British radio presenter

Tony Gillham is a British radio presenter.

== Career ==
Gillham first became a radio presenter in the 1960s.

Gillham's first daily radio show was on a radio station based in a factory that made biscuits. He then presented on Radio Tees, followed by other commercial radio stations.

In the 1980s, Gillham presented the early breakfast show on BBC Radio 2.

In early 2007, Gillham was presenting "Gillham Gold" on BBC Radio Cambridgeshire on Saturdays; he was also presenting on BBC Radio Berkshire, BBC Somerset Sound, BBC Radio Oxford and BBC Radio Devon. Also in early 2007, Gillham was asked by his local authority to take down a 40-foot radio mast from his home's garden which he had put up without planning permission.

Gillham presented a Monday afternoon programme on BBC Radio Cambridgeshire in 2012.

Gillham founded Black Cat Radio, a community radio station in St Neots, Cambridgeshire, which received its licence to broadcast on FM in 2015. Prior to this, the station had broadcast on a restricted service licence (RSL) on FM for a restricted time period.

Gillham presented a weekday programme on BBC Radio Jersey in the 2000s and 2010s.

Until 2019, Gillham presented a weekend programme featuring older pop music on BBC Radio Oxford, BBC Radio Jersey and BBC Radio Guernsey.

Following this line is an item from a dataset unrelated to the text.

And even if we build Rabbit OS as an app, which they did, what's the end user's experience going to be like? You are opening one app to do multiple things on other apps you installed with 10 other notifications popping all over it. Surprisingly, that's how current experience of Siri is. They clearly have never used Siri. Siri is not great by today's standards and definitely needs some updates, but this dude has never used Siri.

From 2019 to 2022, he presented a weekend programme on BBC Radio Jersey and BBC Radio Guernsey.

Gillham's current radio presenting roles include presenting on 45 Radio, a pop-music radio station which broadcasts across the UK, and on Black Cat Radio on Sundays. For his work on Black Cat Radio, Gillham won "Sage Person of the Year" at the 2024 Community Radio Awards.